I left on Monday with mum to travel to Canberra for Congress 2015, a four day genealogy event that’s held every three years in Australia or New Zealand. We stopped at Wodonga for our lunch and visited mum’s cousin Neil. He has a magnificent cactus garden decorated with his paintings.
We spent the night in Goulburn as I wanted to do some research around the area on Tuesday. We visited St Saviour’s church in Goulburn as the rain started to come down. It was the first day of their major heritage renovation but everyone was very friendly there. There are volunteers to assist you. It was built in the 1870s on the site of the first church that was commenced in 1839. All that remains of the original church is some brick floor and a painting.
Next I went to the Goulburn library to look at their history section where a very helpful man assisted me. It was interesting to see some of the local history books and learn about Terence Aubrey Murray. I’ve since been able to buy a reprint of the book about him by Gwendoline Wilson. It was still raining as we drove to Gunning for lunch. It’s always a good stop for lunch or a coffee if you haven’t stopped at Jugiong at the Long Track Pantry. The Gunning library was open from 2 to 5pm so I went in and spoke to Ros who has created a local historical section, however she lamented that many of their local history items were held at Goulburn.
Then on to Yass where I visited the Yass Historical Society. I was able to date two photos I have by William Fearne to October 1866. They were very helpful. I met Cheryl who was fantastic sending me an email with some research she’d done for me overnight. I was enquiring about soldiers in the 1840s around Lake George and Goulburn. They didn’t have any information but she did tell me about the Towrang convict stockade just outside Goulburn but probably too far for someone living at Lake George.
Finally on to Canberra.

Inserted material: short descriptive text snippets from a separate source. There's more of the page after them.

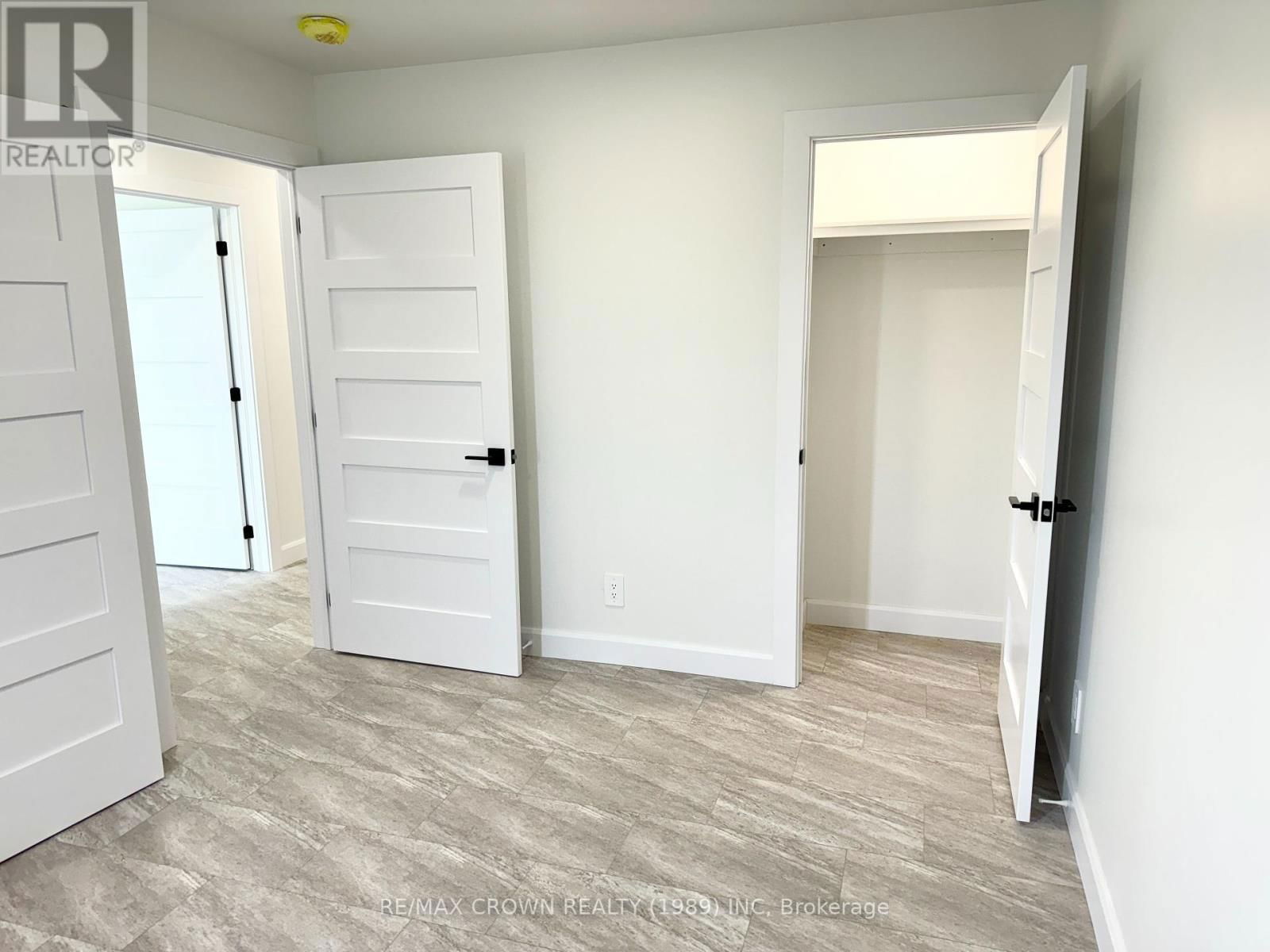 22 GOLF STREET Image 25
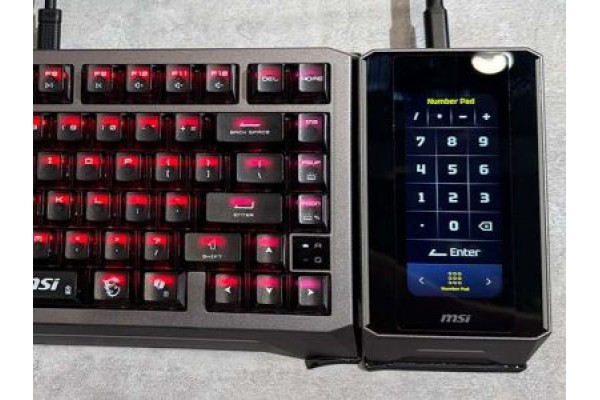 MSI показала новую механическую клавиатуру со съёмным сенсорным цифровым блоком
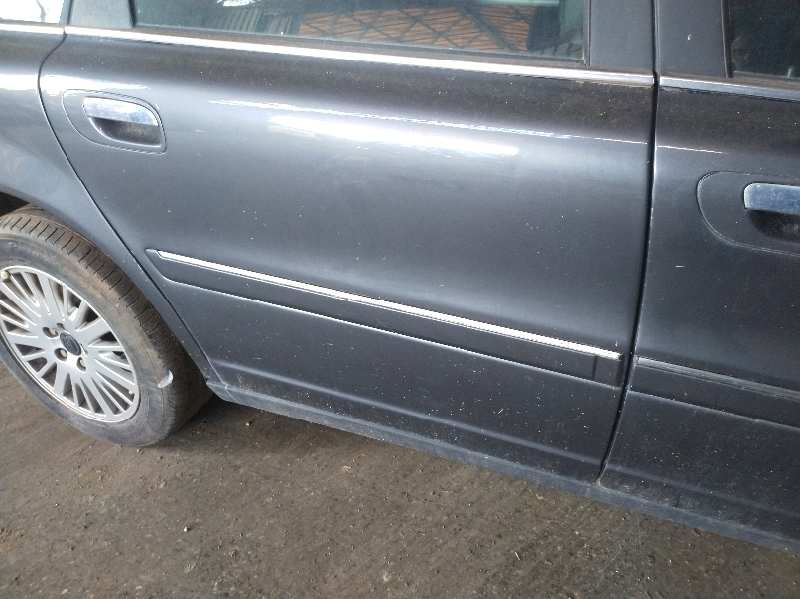 PUERTA TRASERA DERECHA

On Wednesday I visited HAGSOC (Heraldry & Genealogy Society of Canberra) to see if they had any records of the early soldiers. Barbara was excellent and showed me Brigadier Austin’s chart showing the regiments that were in Australia during each year. Very helpful. From there I visited the Canberra Historical Society where I was able to buy the book on Terence Aubrey Murray and also Colonial Women. Next stop was the National Library for lunch and to see what records they held on the early soldiers. The pay lists from the English regiments were filmed as part of the Australian Joint Copying Project (AJCP) and are a record of all the soldiers in the regiments. The reels are arranged in regiments over time so quite easy to use. They include details of desertion, transfer, pay docked etc.
On Wednesday evening we went to the daily last post ceremony at the war memorial. It was dedicated to the men lost on the Sydney in World War II and a Vietnam Veterans tribute. There were a number of school children there who laid wreathes in pairs. It’s always a moving ceremony.
Another trip to the library on Thursday to spend some more hours going through the reels to ascertain when men joined and left their regiments. A really interesting archive.
Then back to the war memorial on Thursday night for the opening ceremony of Congress 2015 held under G for George in Anzac Hall. It was a good night catching up with old friends and making new ones.